Trump Administration Attempted to Downplay Troop Injuries in Iraq
Trump Administration Attempted to Downplay Troop Injuries in Iraq. .According to a former Pentagon spokesperson, the White House under former President Donald Trump pressed the military to conceal 110 US troops’ injuries after an Iranian missile attack on an Iraqi facility in 2020.
On the One Decision podcast, Alyssa Farah said the White House was pressuring her to downplay the success of the attack on the Iraqi base of Ain al-Asad, which was carried out in retaliation for the US killing of top Iranian commander Qassem Soleimani in a drone strike at the Baghdad airport on January 3.
While Farah stated that Trump’s original assertion that the strike caused no injuries to US forces was “accurate at the time we presented those data to the president,” she also stated that White House pressure mounted as additional casualties became known.
Those injuries, which the Pentagon ultimately diagnosed as mild traumatic brain injuries, were initially dismissed by Trump as “headaches.” While the majority of those who were injured were released a few days later, a few had to be airlifted out of Iraq for treatment.
“There was not enough consideration given to the possibility of long-term harm or even the gravity of the attack,” she claimed.
“The White House made an effort to emphasize – the Iranians were not effective in hurting our objectives in response,” Farah said. “And I believe that was taken too far.
“And I believe it glossed over what turned out to be really serious injuries on US troops after the fact,” Farah said. “One hundred and ten American personnel suffered from traumatic brain injuries, which can vary from a concussion to a loss of motor skills.”
Trump Administration Attempted to Downplay Troop Injuries in Iraq.
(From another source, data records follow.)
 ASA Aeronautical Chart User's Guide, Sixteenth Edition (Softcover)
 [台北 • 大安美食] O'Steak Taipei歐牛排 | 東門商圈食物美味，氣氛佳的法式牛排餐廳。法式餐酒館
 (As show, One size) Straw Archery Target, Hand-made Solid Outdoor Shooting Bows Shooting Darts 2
The Pentagon was also pressured by the White House, according to the former official, to space out its reporting on the number of injured, which steadily grew from January to February.
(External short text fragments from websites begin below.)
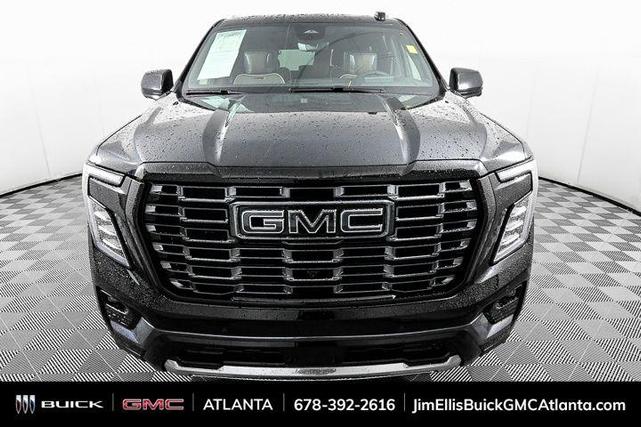 Photo of 2025 Onyx Black GMC Yukon XL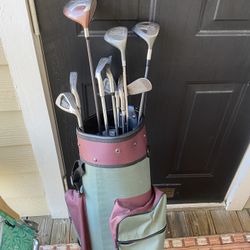 Used Golf Clubs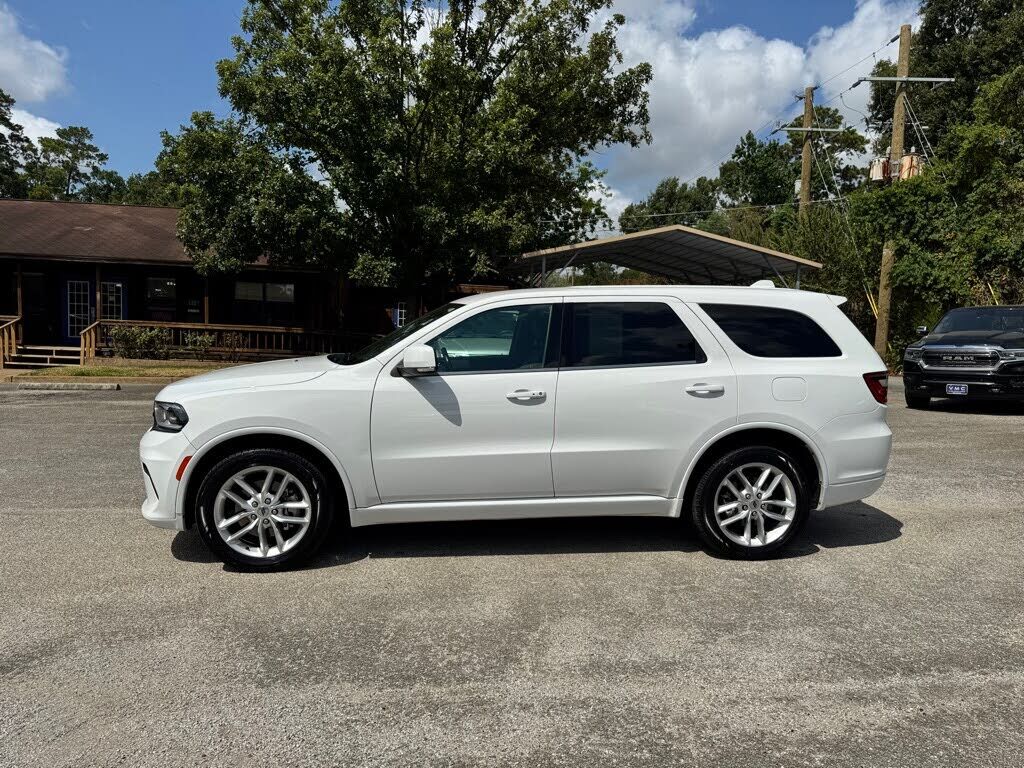 2022 DODGE Durango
According to her, the Pentagon’s strategy is to share material as soon as it is received and vetted.
“We did get some pushback from the White House, asking if we could report this in a different way.’ Can we do it every 10 days or every two weeks, or do a wrap-up afterward?’” Farah remarked. “The White House would prefer if we didn’t keep them updated on it on a frequent basis. So it was this drip, drip of terrible news that undoubtedly encouraged those who were criticizing the strike to see that it was a mistake and that these were the consequences of it.
Trump Administration Attempted to Downplay Troop Injuries in Iraq. “If my experience had taught me anything, it was that in that business, honesty is always going to be your best friend,” she said. “I’d rather deal with that bad news article than the bad news storey about you withholding this information from us.”
The legality of the strike has been questioned, with Agnes Callamard, the UN special rapporteur on extrajudicial, summary, or arbitrary executions, calling it a “unlawful killing.”
Trump Administration Attempted to Downplay Troop Injuries in Iraq. Members of Congress from both parties disputed the Trump administration’s claim that Soleimani was planning a “imminent” assault, claiming that confidential intelligence briefings they received did not reveal such a plot.
Former Secretary of State Mike Pompeo eventually referred to the strike as part of a bigger “deterrence” plan. Trump administration officials also gave conflicting accounts of how immediate the attacks were.